Remember that video of the wedding where everyone danced down the aisle to some Chris Brown tune or other? It was the one spoofed last week on the Office.
Someone tells me that turned out to be fake, part of a commercial for something. But I can’t find any reference to this online. Just to make sure, does anyone here know of any evidence that the video is not of a real wedding?
Found this, which argues that the video went viral because of a behind the scenes push from Sony, though the video itself was not fake. Maybe the person I mentioned in my OP heard a distorted version of this claim.
I know for a fact that it wasn’t fake. That’s my congregation, Christ Lutheran Church on Capital Hill in St. Paul, MN. I know the bride’s mother, and the video was shown in an adult forum after worship. (The office phone was ringing off the hook for a couple of weeks afterward, and some of the callers were very, very hostile. The forum was to discus this issue.)
If you search the archives of the St. Paul Pioneer Press, you’ll find a couple of articles about it, giving names, details, interviews and quotes. (Maybe the Minneapolis Star Tribune had something similar, but I don’t read the Strib.)
@Nyctea, there was even a little bit of hostility from one or two participants in a thread about the video on this very message board. Not outright hostility, but negative feelings were expressed, concerning the propriety of the dancing and so on.
If there were a few people here who were mildly disturbed, it’s a sure bet there are tens of thousands of people in the country, at least, who were violently upset.
ETA: For example see the ninth post in this thread.
I wondered briefly if it was manufactured by Chris Brown’s agency. If you go to the website for it, you’ll see that it’s very slick and polished, and in fact is professionally done by a company that generally targets large corporations, not ordinary couples. Of course, if they have a friend that works there, that could explain it.
Because it came out around the same time it was revealed that Chris Brown liked to beat up Rihanna, and they’re dancing to one of his songs (though I believe it was shot before any of the news came out).

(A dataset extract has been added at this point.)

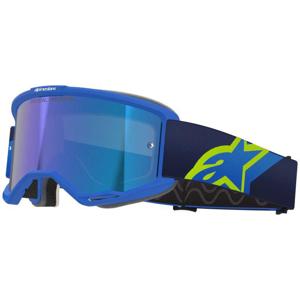 ALPINESTARS-Masque cross VISION 5 CORP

In response, the couple set up a link on their site where people can donate to a charity for victims of domestic abuse. Which, I think, was a very cool thing to do.
I admit I’m not sure when the actual wedding was, or when they chose the song. I suppose the most likely answer is that that’s the song they chose and practiced to and they didn’t consider the implications until it had been posted. Or until it went viral and ended up boosting his sales.
I don’t know about complaining, but certainly the domestic abuse angle was mentioned in nearly every commentary on the wedding video at the time. EW, Gawker, Mother Jones, the DC City Paper, the Above the Law blog, commenters on Jezebel, DoubleXX, the NYT tech blog, etc. Salon later criticized NBC for re-using the wedding dance on “The Office” without similarly benefiting any domestic-violence groups.
The song itself was originally written as a promotion for Doublemint gum, hence the use of the lyric “double your pleasure, double your fun.” But I do not think the video was an advertisement.